[Captioned web images]
***
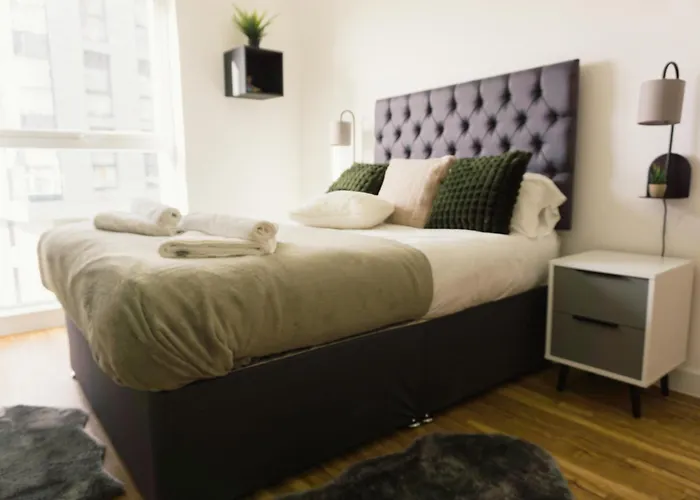 Manchester's Luxurious 2-bed Haven With Balcony - Canal Views & Proximity To United *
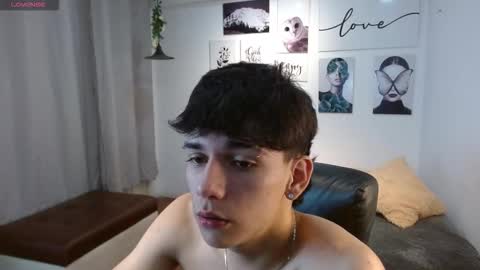 Snapshot of amethystshadow chatting on December 2025 05:11:02 PM amethystshadow online show from December 2025 05:11:02 PM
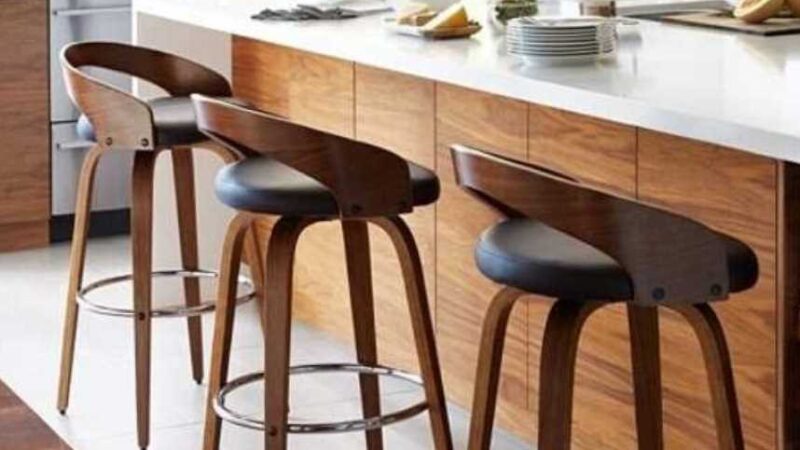 What you need to know before shopping barstools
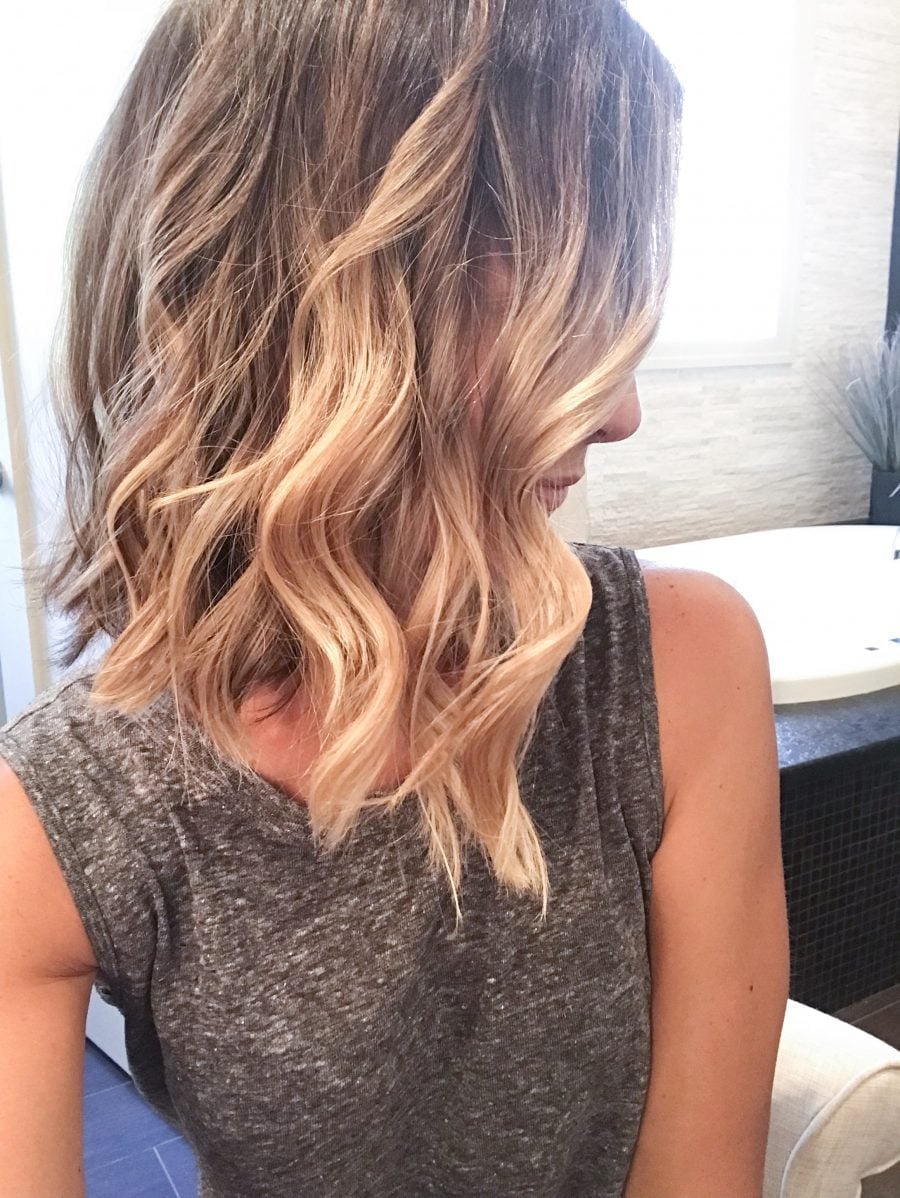 Collarbone Blonde Balayage Beach Waves Collarbone Blonde Balayage Beach Waves — Simple Waves Hair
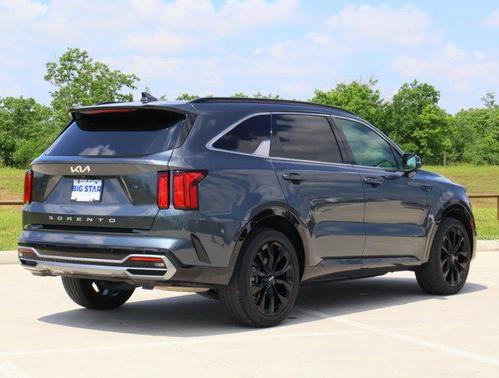 2022 Kia Sorento SX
***
:: GOAL OF THE EXERCISE ::
Retype the records verbatim, but not their images.

:: ANSWER TO THE PROBLEM ::
 Manchester's Luxurious 2-bed Haven With Balcony - Canal Views & Proximity To United *
 Snapshot of amethystshadow chatting on December 2025 05:11:02 PM amethystshadow online show from December 2025 05:11:02 PM
 What you need to know before shopping barstools
 Collarbone Blonde Balayage Beach Waves Collarbone Blonde Balayage Beach Waves — Simple Waves Hair
 2022 Kia Sorento SX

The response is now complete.